An ear, nose and throat specialist who was arrested and jailed for breaking curfew while attending to a medical emergency, will appear in the Edenvale Magistrate’s Court again on 5 August, reports MedicalBrief. Expectations had been that the case would be withdrawn.
Dr Ivan Jardine admitted he did not have a permit to travel after curfew hours but added that it was a medical emergency, which under the Level 4 Disaster Management Regulations, under Section 17 (1)(b)) does not require permits.
A statement released by the SA Private Practitioners Forum (SAPPF) called for an investigation into the conduct of the police officers and an apology to Jardine. CEO Dr Simon Strachan said “the hard line action by the arresting officer against a doctor legitimately out at night responding to a bona fide emergency is deplorable, insensitive and callous”.
Jardine of Kensington, east of Johannesburg, spent last Friday night in the Edenvale police holding cells with four other people after being accused of violating the COVID-19 curfew, although he had told police he was attending to a medical emergency in the West Rand, says a TimesLIVE report.
Jardine is a surgeon of 30 years’ standing based at the Bedford Gardens Hospital in Johannesburg, according to a Daily Maverick interview, and is part of essential medical services responding to the debilitating third wave of COVID in Gauteng. At 10am on Monday morning, however, he was not on duty at hospital. “Instead, he was among drunken drivers and people accused of petty crimes at Edenvale Magistrate’s Court waiting his turn to plead before a magistrate," reported Daily Maverick.

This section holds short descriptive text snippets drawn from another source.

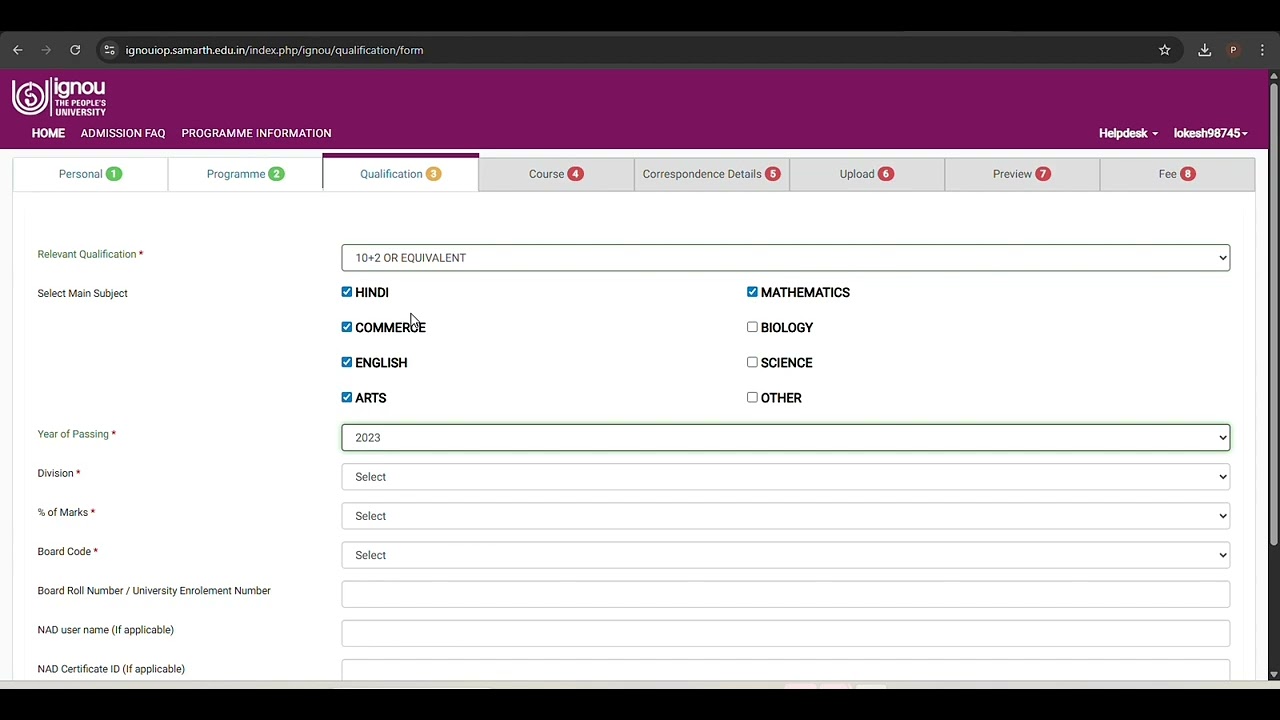 IGNOU Admission Live 🚨 Full Form Fill Up Step-by-Step | Avoid These Mistakes 🔥 Watch Now 👆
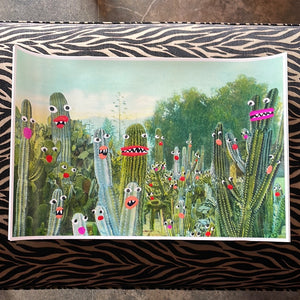 16" x 24" "Cactus Garden" print by Angela Deane Art Angela Deane   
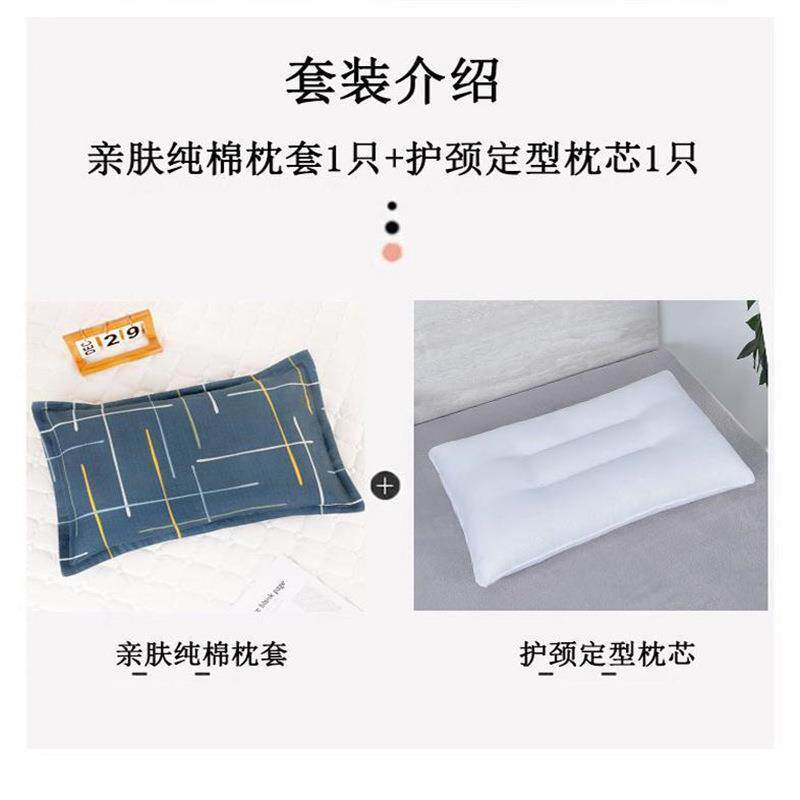 学生宿舍专用枕头单人一只装带枕套可拆洗成人款家用枕芯四季通用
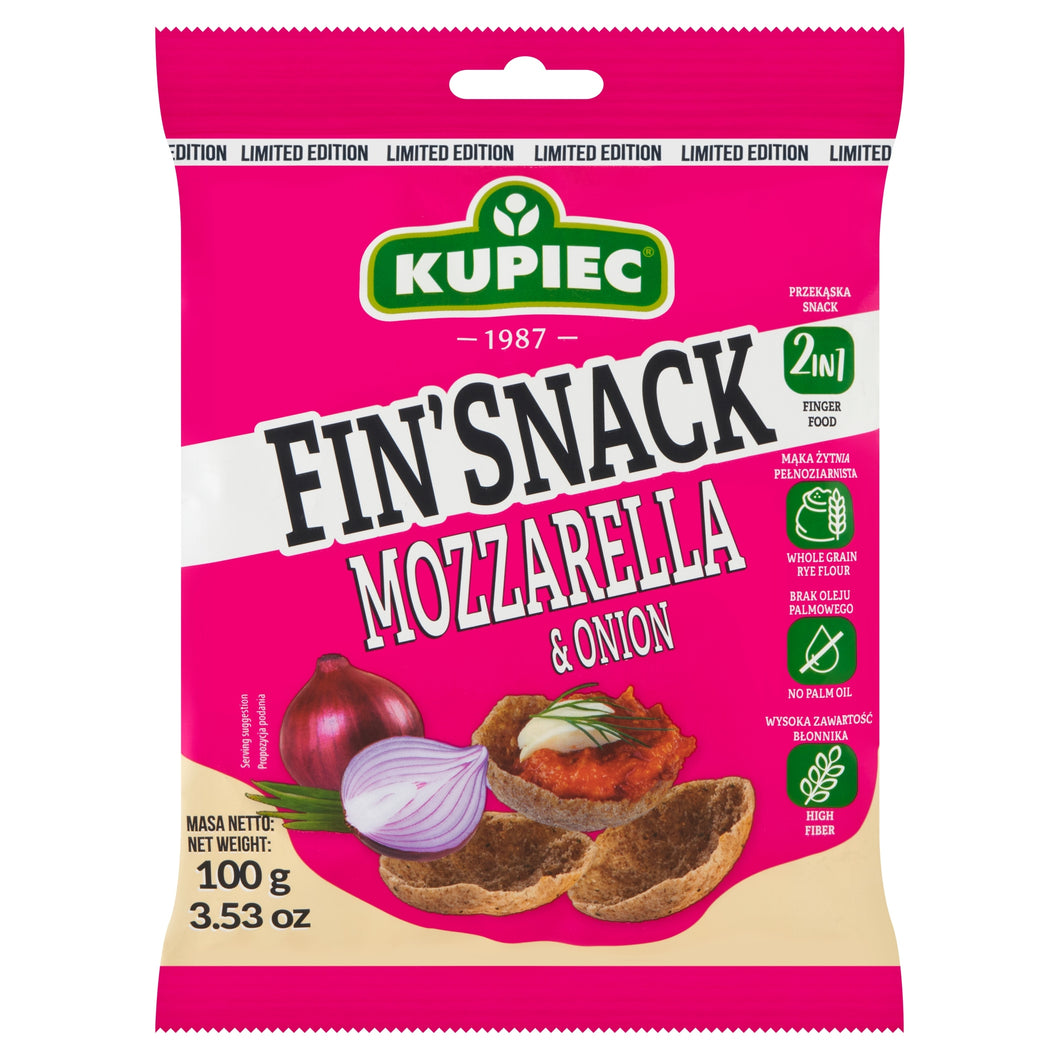 Kupiec Finsnack O Smaku Mozzarelli I Cebulki 100g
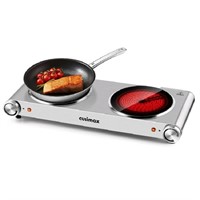 Cusimax 1800W Infrared Double Burner Electric Stov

His charge? “Contravention of the Disaster Management Act … failure of a person to confine between 21.00 and 04.00.”
Jardine said he spent Friday afternoon and evening in Quellerina, west of Johannesburg, attending to his aunt, who is in her early 80s and needed medical attention. She was dehydrated and he put her on a drip before he left Quellerina after 9pm.
“At Eastgate, the police stopped me and demanded a permit and demanded an ID. I said I was doctor. They did not believe me.”
He was arrested and placed in a police cell with others, who included three members of a local Community Policing Forum who said they had been on patrol when they were arrested. Another was a man whose car had broken down and whose brother had arrived to assist him. Both were arrested after the curfew hours kicked in.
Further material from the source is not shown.